Bioconductor / S4Vectors

Foundation of vector-like and list-like containers in Bioconductor
https://bioconductor.org/packages/S4Vectors
18 stars 20 forks source link

[,DataFrame method not found with SnowParam parallel processing #126

Open jorainer opened 4 days ago

jorainer commented 4 days ago

Dear all, I stumbled over this problem: subsetting a DataFrame within bplapply that uses SnowParam results in this error: Error in x[1, ]: object of type 'S4' is not subsettable. To reproduce:

library(S4Vectors)
library(BiocParallel)

## [ fails with SnowParam
d <- DataFrame(a = 1:4, b = "a")
l <- list(d, d, d, d)

lapply(l, function(x) x[1, ])
bplapply(l, function(x) x[1, ], BPPARAM = MulticoreParam(2))
bplapply(l, function(x) x[1, ], BPPARAM = SnowParam(2))

The last call results in

Loading required package: S4Vectors
Loading required package: stats4
Loading required package: BiocGenerics

Attaching package: ‘BiocGenerics’

The following objects are masked from ‘package:stats’:

    IQR, mad, sd, var, xtabs

The following objects are masked from ‘package:base’:

    anyDuplicated, aperm, append, as.data.frame, basename, cbind, colnames, dirname, do.call, duplicated, eval, evalq, Filter,
    Find, get, grep, grepl, intersect, is.unsorted, lapply, Map, mapply, match, mget, order, paste, pmax, pmax.int, pmin,
    pmin.int, Position, rank, rbind, Reduce, rownames, sapply, setdiff, sort, table, tapply, union, unique, unsplit, which.max,
    which.min

Attaching package: ‘S4Vectors’

The following object is masked from ‘package:utils’:

    findMatches

The following objects are masked from ‘package:base’:

    expand.grid, I, unname

Loading required package: S4Vectors
Loading required package: stats4
Loading required package: BiocGenerics

Attaching package: ‘BiocGenerics’

The following objects are masked from ‘package:stats’:

    IQR, mad, sd, var, xtabs

The following objects are masked from ‘package:base’:

    anyDuplicated, aperm, append, as.data.frame, basename, cbind, colnames, dirname, do.call, duplicated, eval, evalq, Filter,
    Find, get, grep, grepl, intersect, is.unsorted, lapply, Map, mapply, match, mget, order, paste, pmax, pmax.int, pmin,
    pmin.int, Position, rank, rbind, Reduce, rownames, sapply, setdiff, sort, table, tapply, union, unique, unsplit, which.max,
    which.min

Attaching package: ‘S4Vectors’

The following object is masked from ‘package:utils’:

    findMatches

The following objects are masked from ‘package:base’:

    expand.grid, I, unname

Error: BiocParallel errors
  2 remote errors, element index: 1, 3
  2 unevaluated and other errors
  first remote error:
Error in x[1, ]: object of type 'S4' is not subsettable

This can be fixed with:

bplapply(l, function(x) {
    requireNamespace("S4Vectors", quietly = TRUE)
    x[1, ]
}, BPPARAM = SnowParam(2))

could it be that there is some NAMESPACE issue regarding the [ method @hpages ?

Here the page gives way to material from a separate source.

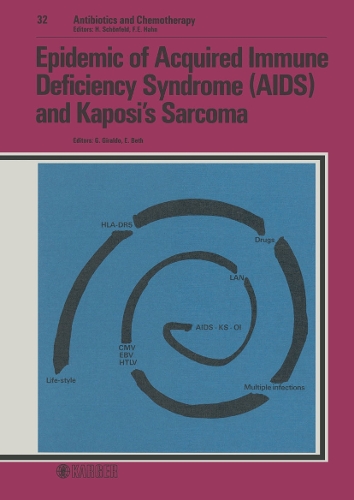 Epidemic of Acquired Immune Deficiency Syndrome (AIDS) and Kaposi's Sarcoma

This is with current devel version (R 4.4.1, S4Vectors 0.43.2), but I got the same version for the BioC 3.18 and 3.19 versions.

mtmorgan commented 4 days ago

This has until relatively recently been the case for parallel evaluation via SNOW -- it is a separate R process so has to have packages etc. loaded explicitly. Obviously this can entail substantial 'start up' time, reducing the value of parallel evaluation; it may be worth-while to start the cluster once (via bpparam = bpstart(SnowParam())) and then re-use bpparm across calls before calling bpstop(bpparam); I think this is discussed in section 4.1.2 of the vignette and elsewhere.

@Jiefei-Wang has introduced functionality that is supposed to automate this process to some extent, so perhaps this particular case (S4 method on[) is not handled properly. But that should be discussed in an issue in BiocParallel.

jorainer commented 3 days ago

Thanks Martin for the explanation!